I found it oddly comforting to know that just around the far curvature of Cape Sable was Flamingo, once an isolated fish camp, now headquarters for Everglades National Park. There, nearly hidden by mangroves, is a little brass plaque commemorating the founding of the park. My mother’s name is there, second column, about midway down.

The last thing I did before climbing the tree and zipping myself into the hammock was re-anchor my boat. I anchored it bow pointed seaward, double-anchored, stern tied by a long line to a stake I drove into the beach.

Then I went for a quick swim. I swam out a couple hundred meters. There was a fresh wind blowing and I rode the waves up and down, the horizon all around me. From the crest of each wave, I could see the stars that form the Southern Cross.

The Cross was at eye level, afloat way, way out there at open sea.

Several times that night, I awoke to the sound of wind and to the niggling despair of old memories. Once I heard a powerboat come in close to shore and shut down abruptly. I thought I saw a light in the far distance. Thought I heard something going thud-thud-thud, like wood hitting wood.

I waited, watched, listened.

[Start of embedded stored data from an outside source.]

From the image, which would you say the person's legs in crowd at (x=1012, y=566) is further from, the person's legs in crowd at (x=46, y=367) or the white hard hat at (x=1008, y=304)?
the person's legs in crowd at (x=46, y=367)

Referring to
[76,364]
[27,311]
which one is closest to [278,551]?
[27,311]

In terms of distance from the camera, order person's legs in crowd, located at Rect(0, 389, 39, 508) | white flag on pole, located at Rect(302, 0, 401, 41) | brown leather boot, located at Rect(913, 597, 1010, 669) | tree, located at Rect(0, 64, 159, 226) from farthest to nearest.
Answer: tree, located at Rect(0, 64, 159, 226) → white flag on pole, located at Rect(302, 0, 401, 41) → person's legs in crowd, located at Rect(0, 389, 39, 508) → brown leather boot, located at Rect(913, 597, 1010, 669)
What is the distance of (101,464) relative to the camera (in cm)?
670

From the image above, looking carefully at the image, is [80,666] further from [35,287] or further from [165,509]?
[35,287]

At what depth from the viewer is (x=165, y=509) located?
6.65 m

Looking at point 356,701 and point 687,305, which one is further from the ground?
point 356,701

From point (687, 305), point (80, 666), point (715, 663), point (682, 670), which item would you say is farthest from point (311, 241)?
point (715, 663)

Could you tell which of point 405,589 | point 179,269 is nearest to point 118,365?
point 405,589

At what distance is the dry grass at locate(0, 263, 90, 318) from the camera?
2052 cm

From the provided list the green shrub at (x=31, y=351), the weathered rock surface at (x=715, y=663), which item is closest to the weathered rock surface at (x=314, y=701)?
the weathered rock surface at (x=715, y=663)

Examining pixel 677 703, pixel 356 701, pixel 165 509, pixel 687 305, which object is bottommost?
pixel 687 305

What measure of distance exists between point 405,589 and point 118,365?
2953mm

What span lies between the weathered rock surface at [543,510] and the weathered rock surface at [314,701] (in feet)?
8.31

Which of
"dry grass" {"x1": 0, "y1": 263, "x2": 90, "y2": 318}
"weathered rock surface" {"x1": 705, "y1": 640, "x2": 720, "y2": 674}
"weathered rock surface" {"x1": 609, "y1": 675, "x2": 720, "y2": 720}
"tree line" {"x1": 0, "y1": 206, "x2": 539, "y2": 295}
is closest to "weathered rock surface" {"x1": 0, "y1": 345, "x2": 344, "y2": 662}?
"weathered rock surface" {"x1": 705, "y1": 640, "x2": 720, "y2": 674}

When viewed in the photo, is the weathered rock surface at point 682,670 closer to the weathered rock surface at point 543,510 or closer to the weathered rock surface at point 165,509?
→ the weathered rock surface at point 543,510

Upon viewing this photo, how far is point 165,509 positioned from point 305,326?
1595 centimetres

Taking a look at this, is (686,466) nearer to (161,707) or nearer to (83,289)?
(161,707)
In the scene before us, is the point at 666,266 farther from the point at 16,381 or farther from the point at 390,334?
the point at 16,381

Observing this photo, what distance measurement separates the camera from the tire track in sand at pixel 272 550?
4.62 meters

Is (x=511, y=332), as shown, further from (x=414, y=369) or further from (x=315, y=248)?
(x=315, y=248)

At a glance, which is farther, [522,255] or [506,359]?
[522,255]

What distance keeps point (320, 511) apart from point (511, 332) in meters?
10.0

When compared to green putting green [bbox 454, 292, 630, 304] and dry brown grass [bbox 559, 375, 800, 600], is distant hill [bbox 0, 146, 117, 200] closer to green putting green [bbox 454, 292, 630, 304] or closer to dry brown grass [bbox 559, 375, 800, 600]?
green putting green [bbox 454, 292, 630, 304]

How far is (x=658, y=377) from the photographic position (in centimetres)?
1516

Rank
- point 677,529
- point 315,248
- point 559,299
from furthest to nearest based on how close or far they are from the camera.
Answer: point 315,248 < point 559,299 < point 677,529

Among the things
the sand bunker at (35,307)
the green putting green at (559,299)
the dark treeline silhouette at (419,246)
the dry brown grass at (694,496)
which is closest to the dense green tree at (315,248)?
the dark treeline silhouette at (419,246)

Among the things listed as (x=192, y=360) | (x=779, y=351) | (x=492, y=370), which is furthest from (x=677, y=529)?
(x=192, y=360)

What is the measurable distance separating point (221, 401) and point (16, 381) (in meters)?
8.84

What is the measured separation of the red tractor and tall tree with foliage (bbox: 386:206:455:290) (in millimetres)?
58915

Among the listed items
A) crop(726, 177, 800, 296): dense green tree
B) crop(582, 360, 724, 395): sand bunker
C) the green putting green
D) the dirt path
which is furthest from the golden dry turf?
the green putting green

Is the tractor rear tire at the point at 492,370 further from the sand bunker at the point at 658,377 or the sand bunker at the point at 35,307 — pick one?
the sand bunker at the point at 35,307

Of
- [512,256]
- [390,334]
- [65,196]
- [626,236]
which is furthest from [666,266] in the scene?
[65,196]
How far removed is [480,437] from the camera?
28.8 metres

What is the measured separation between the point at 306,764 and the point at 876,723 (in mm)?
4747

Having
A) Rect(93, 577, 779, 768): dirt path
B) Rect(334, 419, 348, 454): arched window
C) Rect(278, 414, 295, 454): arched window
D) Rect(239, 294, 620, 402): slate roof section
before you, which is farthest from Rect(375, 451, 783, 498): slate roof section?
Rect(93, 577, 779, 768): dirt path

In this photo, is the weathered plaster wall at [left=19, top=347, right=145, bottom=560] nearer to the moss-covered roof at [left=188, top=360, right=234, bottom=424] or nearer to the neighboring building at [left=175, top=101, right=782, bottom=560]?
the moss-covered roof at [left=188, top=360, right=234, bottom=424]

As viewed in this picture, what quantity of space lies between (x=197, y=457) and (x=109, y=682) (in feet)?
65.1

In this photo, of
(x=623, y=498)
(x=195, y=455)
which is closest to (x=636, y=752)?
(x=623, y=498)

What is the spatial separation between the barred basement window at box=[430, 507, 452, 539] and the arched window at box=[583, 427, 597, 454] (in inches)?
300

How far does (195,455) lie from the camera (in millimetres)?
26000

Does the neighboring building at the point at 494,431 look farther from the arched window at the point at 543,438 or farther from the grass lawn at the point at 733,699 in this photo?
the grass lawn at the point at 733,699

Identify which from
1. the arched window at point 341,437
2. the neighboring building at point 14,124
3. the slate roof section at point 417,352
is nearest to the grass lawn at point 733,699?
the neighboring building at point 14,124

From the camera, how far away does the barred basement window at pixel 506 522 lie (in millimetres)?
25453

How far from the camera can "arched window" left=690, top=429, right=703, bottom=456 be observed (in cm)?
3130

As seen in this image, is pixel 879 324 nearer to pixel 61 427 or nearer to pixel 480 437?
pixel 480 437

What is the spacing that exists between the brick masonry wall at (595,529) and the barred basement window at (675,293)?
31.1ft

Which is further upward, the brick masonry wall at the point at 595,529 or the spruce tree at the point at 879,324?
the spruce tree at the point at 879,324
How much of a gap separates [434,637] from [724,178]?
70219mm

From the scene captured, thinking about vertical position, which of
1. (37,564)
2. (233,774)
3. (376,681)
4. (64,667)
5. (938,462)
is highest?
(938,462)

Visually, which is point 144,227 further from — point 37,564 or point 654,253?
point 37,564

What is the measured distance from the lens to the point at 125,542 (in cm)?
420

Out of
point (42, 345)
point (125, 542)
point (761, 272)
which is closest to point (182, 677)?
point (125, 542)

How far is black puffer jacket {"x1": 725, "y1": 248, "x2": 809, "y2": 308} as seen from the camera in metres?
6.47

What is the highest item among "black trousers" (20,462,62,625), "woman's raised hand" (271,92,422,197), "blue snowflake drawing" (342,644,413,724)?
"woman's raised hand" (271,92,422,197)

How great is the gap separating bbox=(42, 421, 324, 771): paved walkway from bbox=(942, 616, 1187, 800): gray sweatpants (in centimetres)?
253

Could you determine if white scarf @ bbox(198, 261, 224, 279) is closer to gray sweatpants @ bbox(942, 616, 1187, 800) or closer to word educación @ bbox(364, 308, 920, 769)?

Decided it was probably a pompano fisherman working the beach, banging his hull with a paddle to spook fish into his gill net.

Cordero or his hired helpers could not possibly have had time already to rent a boat or steal a boat and track me to Cape Sable.

I checked the cell phone to make certain it was still on.

Plenty of battery remaining.

If I had to stay there a few days, I could always recharge it from the adapter on my skiff.

I tried to call Harrington one last time. Got his voice mail. Didn’t bother leaving a message. There was no need.